The answer must consist solely of the lines from the line with "K-21 보병전투차의 연막" to the end of the data below, transcribed exactly and with no pictures.

- _Collected data_:

------------------------------------------------------------

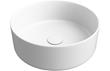 Luxley 355mm Ceramic Round Washbowl & Waste - Matt White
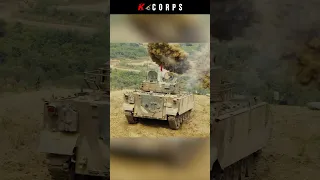 K-21 보병전투차의 연막 치장 [ K-21 infantry fighting vehicle smoke screen ]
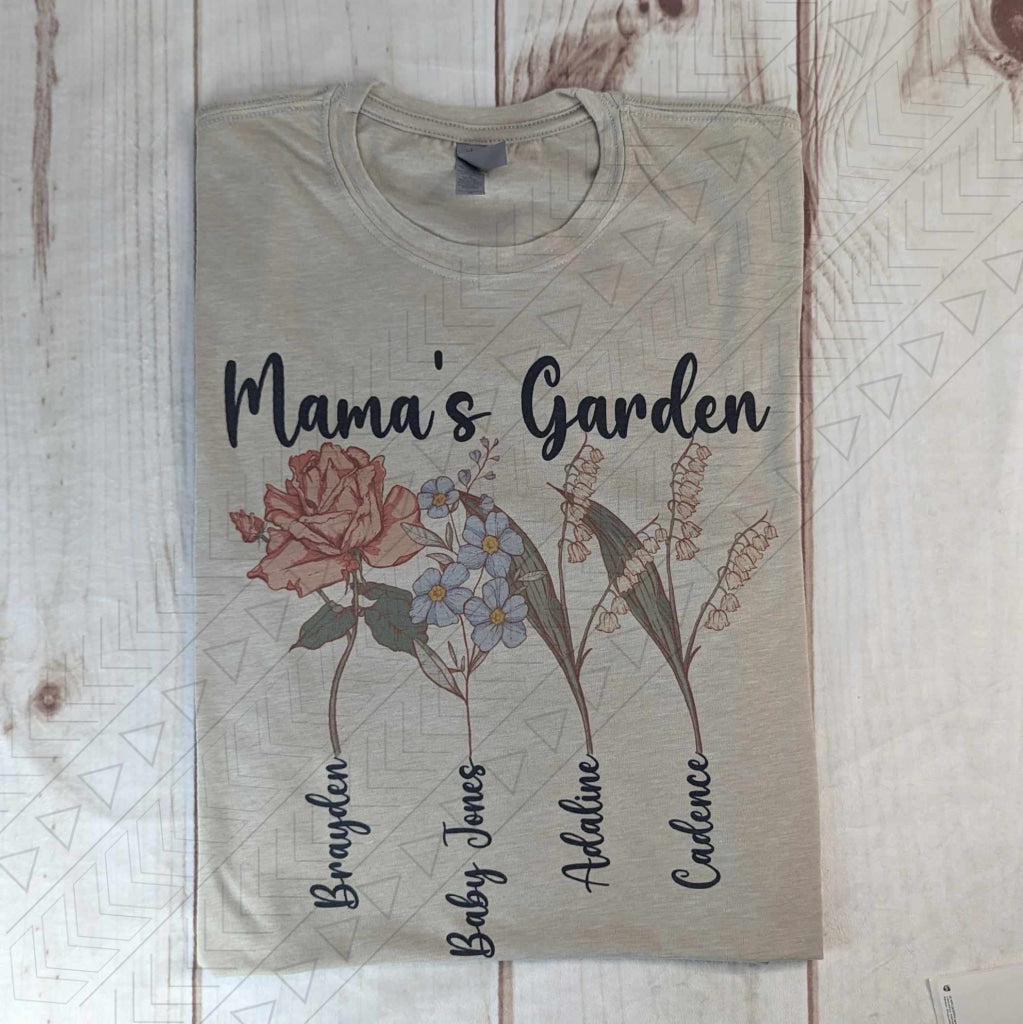 Vintage Mama's Garden  Name Tee *row*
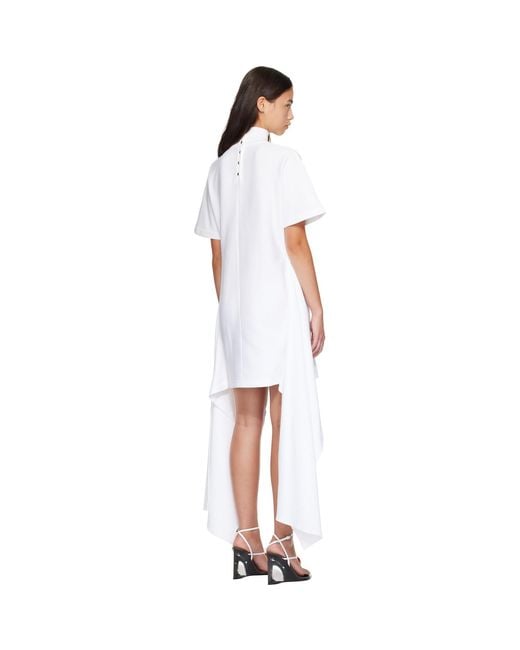 Alaïa White Cotton Jersey T-Shirt Minidress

------------------------------------------------------------

- _Answer to this task_:
 K-21 보병전투차의 연막 치장 [ K-21 infantry fighting vehicle smoke screen ]
 Vintage Mama's Garden  Name Tee *row*
 Alaïa White Cotton Jersey T-Shirt Minidress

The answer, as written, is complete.